Великая тайна неувядающей прелести греческого искусства заключалась, таким образом, в очень точно выверенной пропорции между правдой жизни и идеальной, никогда и нигде не встречающейся в своем чистом виде математической гармонией. Только сумев найти «золотую середину» между этими двумя противоположностями, греческие ваятели и живописцы смогли достичь в своих творениях такого уже никогда более не повторявшегося художественного совершенства. Конечно, как и всякий большой стиль в искусстве, греческая классика сама установила для себя некий предел, дальше которого она пойти уже не смогла бы, не отказываясь от своего собственного естества и не нарушая своих особых внутренних законов. Мы не должны забывать об этом самоограничении, ибо только оно и может объяснить некоторые существенные пробелы в той картине мира, которую открывает перед нами греческое искусство. Наиболее важным из таких пробелов, безусловно, должно быть признано странное равнодушие греческих художников, работавших в различных жанрах изобразительного и прикладного искусства, к жизни природы.

Это не означает, конечно, что природа их совсем не интересовала или что они боялись и не любили ее как нечто чуждое и враждебное человеку. Как и все древние народы, греки очень глубоко чувствовали и переживали свою кровную связь с миром природы, свою укорененность в этом мире и зависимость от него. Для того чтобы сделать его более понятным и близким, они очеловечивали его стихии, населяя окружающие их поля, леса, горы и воды множеством человекоподобных живых существ: богов, демонов, духов, частью добрых и благодетельных, частью злых и опасных для человека, но чаще соединяющих все эти свойства в одном лице. Уподобляя природу человеку, они и человека уподобляли природе, сравнивая или даже прямо отождествляя его жизнь с циклами природных явлений, сменой времен года, обновлением и умиранием растительности и т. п.
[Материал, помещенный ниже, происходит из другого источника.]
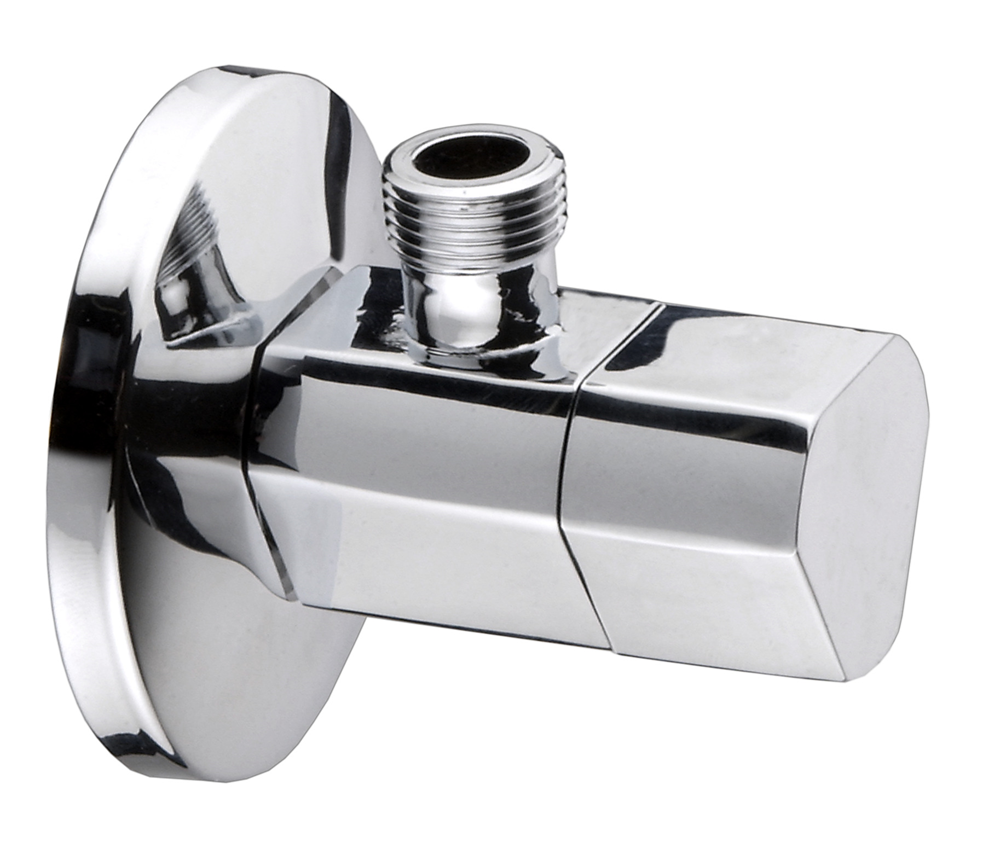 Cornat Hoekstopkraan Design Driehoekig Ch T317006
Вспомним хотя бы знаменитое гомеровское сравнение:

«Листьям в дубравах древесных подобны сыны человеков:
Ветер одни по земле развевает, другие дубрава,
Вновь расцветая, рождает, и с новой весной возрастают;
Так человеки: сии нарождаются, те погибают».

О том, как тонко греки чувствовали природу, как они умели сопереживать ей и добивались и от нее такого же сопереживания своим эмоциям, ясно свидетельствуют глубоко прочувствованные «пейзажные» зарисовки у того же Гомера, у Гесиода, у Эсхила, у многих других греческих поэтов. Вот лишь два выхваченных наугад стихотворных отрывка, принадлежащих знаменитой поэтессе Сапфо, этой «десятой музе с о. Лесбоса», как называли ее почитатели ее таланта:

«Близ луны прекрасной тускнеют звезды,
Покрывалом лик лучезарный кроют,
Чтоб она одна всей земле светила полною славой».

И еще:

«Сверху низвергаясь, ручей прохладный
Шлет сквозь ветви яблонь свое журчанье,
И с дрожащих листьев кругом глубокий
Сон истекает».

При всем необыкновенном тематическом богатстве и многообразий греческого искусства мы не найдем в нем ничего, даже отдаленно напоминающего этот лирический трепет и восторг лесбосской поэтессы перед красотой мироздания и вместе с тем эту ее удивительную способность, невольно вызывающую в памяти японские трехстишия – хокку, двумя-тремя штрихами создать в душе человека сложную гамму образных и эмоциональных созвучий. Греческим живописцам пейзаж как особый жанр искусства практически оставался неизвестен вплоть до эпохи эллинизма. Во всяком случае в наших литературных источниках не сохранилось никаких упоминаний онем. Великие мастера монументальной живописи, жившие и работавшие в V – IV вв. до н. э. – Полигнот, Аполлодор, Агатарх, Зевксис, Паррасий и др., судя по описаниям их творений в античной литературе, создавали сложные многофигурные композиции на мифологические и исторические сюжеты, обходясь практически без того, что принято называть «пейзажным фоном», т. е. не пытались изображать само пространство, внутри которого происходит то или иное событие. Как правило, они довольствовались фиксацией отдельных деталей ландшафта: скал, деревьев, ручьев и рек, морских волн и т. п., по которым зритель мог дорисовать в своем воображении и всю остальную местность и понять, где собственно происходит все, что он видит перед собой на картине или фреске. Этот прием использовался мастерами исторической живописи еще и в эллинистическое время. На великолепной мозаичной картине из древних Помпей, запечатлевшей решающий момент битвы при Иссе между армиями Александра Македонского и персидского царя Дария III [+14], художник поместил среди леса колышащихся копий, человеческих и конских голов одинокое безлиственное дерево с обрубленной вершиной как единственное напоминание о «вечной красе» «равнодушной природы», спокойно взирающей на эту яростную схватку. Никаких других признаков пейзажа мы здесь не найдем: ни линии горизонта, ни перспективы, уводящей в глубь пространства, ни гор, ни моря, ни облаков. Ясно, что греческого художника все эти природные декорации, обрамляющие сцену исторического события, сами по себе нисколько не интересовали.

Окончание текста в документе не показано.